Petra Sammer und Philipp Lenner – die Storytellingkoryphäe und der Filmproduktionsprofi – haben zum Workshop „Herr Maier, wir brauchen einen Imagefilm!“ eingeladen. Sie wollen damit einen aktiven Beitrag dazu leisten, dass im Dreiergespann Unternehmen – Agentur – Filmproduktion künftig viel mehr gute Filme entstehen. Ein nobles Vorhaben, von dem ich Teil sein wollte und mich daher ebenfalls in der Workshoprunde einfand. Nach einem hervorragenden Nachmittag mit vielen tollen Einblicken und Erkenntnissen durfte ich den beiden Experten noch einige Fragen stellen:
Vielen Dank für diesen großartigen Workshop! Was war eure Motivation, so ein Projekt gemeinsam ins Leben zu rufen?
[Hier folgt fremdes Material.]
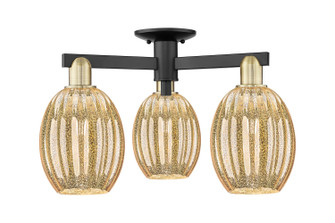 Arcadia Three Light Semi-Flush Mount in Black Antique Brass (405|716-3F-BAB-G459-6ME)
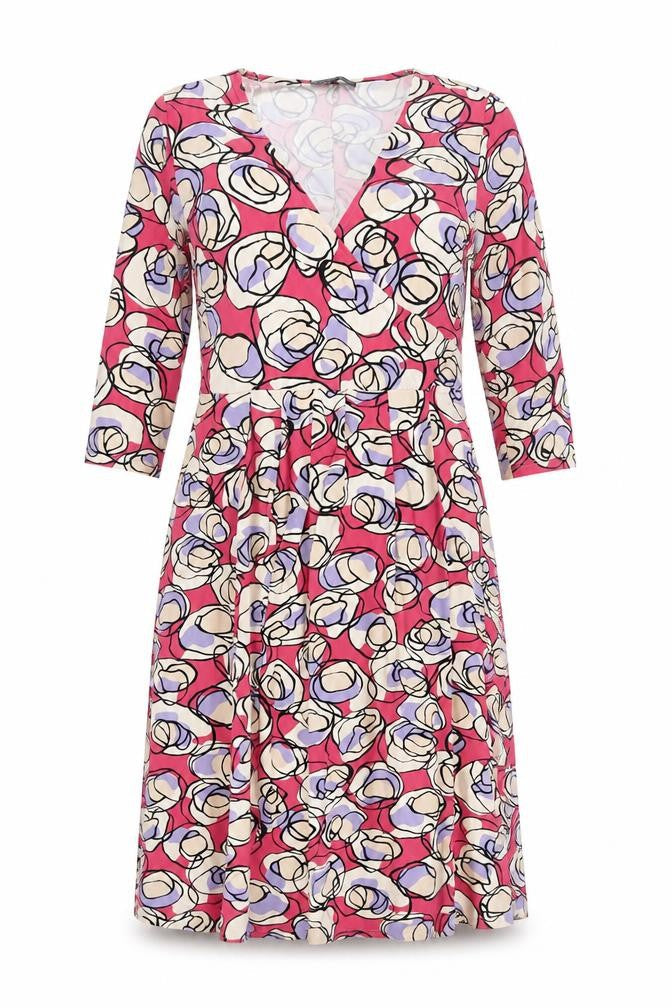 Betty Jackson Womens Pink Geometric Viscose A-Line Size 14 V-Neck Pullover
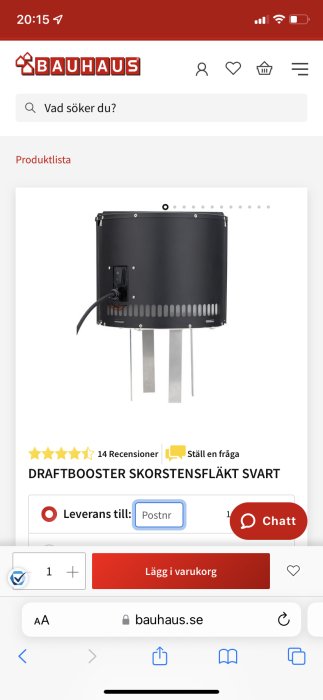 Svart Draftbooster skorstensfläkt monterad på skorsten, visas på en webbshop-sida.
Philipp Lenner: Ganz klar: bessere Filme machen. Der Output soll sich verbessern. Während unserer Zusammenarbeit fiel mir auf, dass wir als Produktionsfirma mit einzelnen Beratern immer wieder auf die gleichen Probleme stoßen. Ich dachte dann, dass ein Workshop, der das Verständnis für die Zusammenarbeit zwischen Agentur und Produktion verbessert, vielleicht hilfreich wäre. Mit diesem Grundgedanken bin ich an Petra herangetreten, weil ich wusste, dass sie Storytelling nicht nur in ihrem Berufsalltag lebt, sondern auch unterrichtet und didaktisch vermittelt. Wir haben überlegt, ob man unsere Kompetenzen hier nicht zusammenlegen kann und daraus hat sich dann dieser gemeinsame Workshop entwickelt. Die Kombination aus inhaltlichem und organisatorischem Teil ist perfekt. Wir können so genau die Fragen beantworten, die sich der Berater in der Agentur am Anfang stellt: den inhaltlichen Part, wie man mit einer Produktion umgeht und was man machen muss, bis tatsächlich eine Produktionsfirma beauftragt wird. Mit Beratung und Produktion decken wir die zwei Welten ab, die sehr entscheidend sind, wenn der Chef anruft und sagt „Herr Maier, wir brauchen einen Imagefilm!“
Wie sind eure Erfahrungen: Gibt es unterschiedliche Vorstellungen von „was der Kunde will“ und „was der Kunde tatsächlich braucht“ häufig?
Petra Sammer: So gut wie immer. Gerade im PR-Umfeld haben manche Teams oft noch wenig Erfahrung mit dem Medium Film. Sie gehen an den Produktionsprozess genauso ran, wie an eine Broschüre, einen Text oder eine Webseite und unterschätzen die Komplexität. Wenn man da vom Briefing her schon nicht die richtigen Fragen stellt, wird das Produkt am Ende auch nicht gut. Ein Text kann immer schnell korrigiert werden, daran haben wir uns gewöhnt. Das geht im Film nicht. Die Anmutung des Films, die Grundhandlung – was im Kasten ist, ist im Kasten. Am Set kann man nicht noch mal die ganze Story in Frage stellen. Das ist einer der Gründe, warum wir unseren Workshop anbieten: damit man die neuralgischen Punkte kennenlernt, um am Schluss das beste Ergebnis zu haben – mit dem alle zufrieden sind.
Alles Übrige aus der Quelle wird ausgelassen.